| Exercise data |
Segment Open

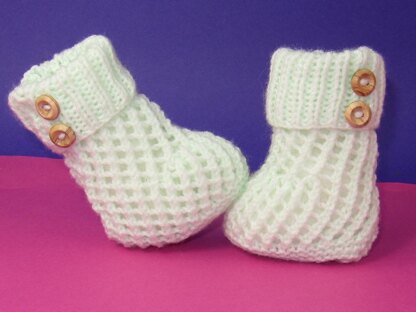 Easy Baby 2 Button Lacey Booties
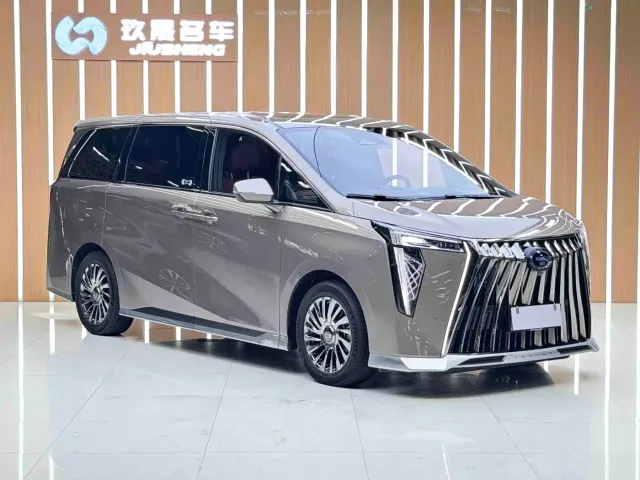 GAC Trumpchi M8 — Фото автомобиля 3
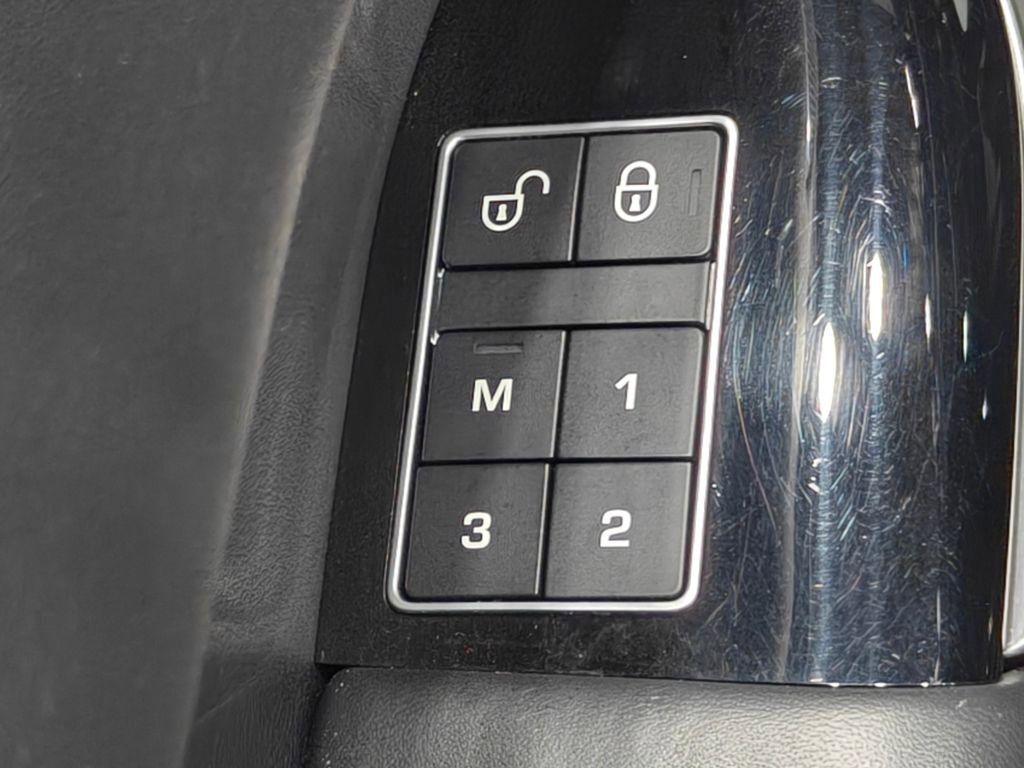 Used 2017 Land Rover Range Rover Supercharged image 71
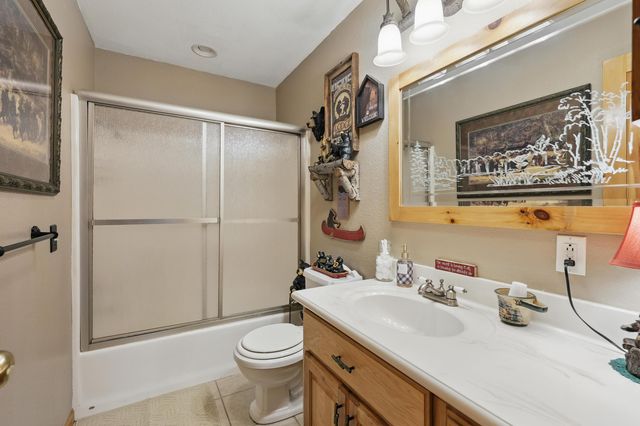 9404 County Lane 121, Carthage, MO 64836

Segment Closed

| Task statement |
Each line of the listing above must be given again exactly; the pictures are to be left out.

| Result of the exercise |
 Easy Baby 2 Button Lacey Booties
 GAC Trumpchi M8 — Фото автомобиля 3
 Used 2017 Land Rover Range Rover Supercharged image 71
 9404 County Lane 121, Carthage, MO 64836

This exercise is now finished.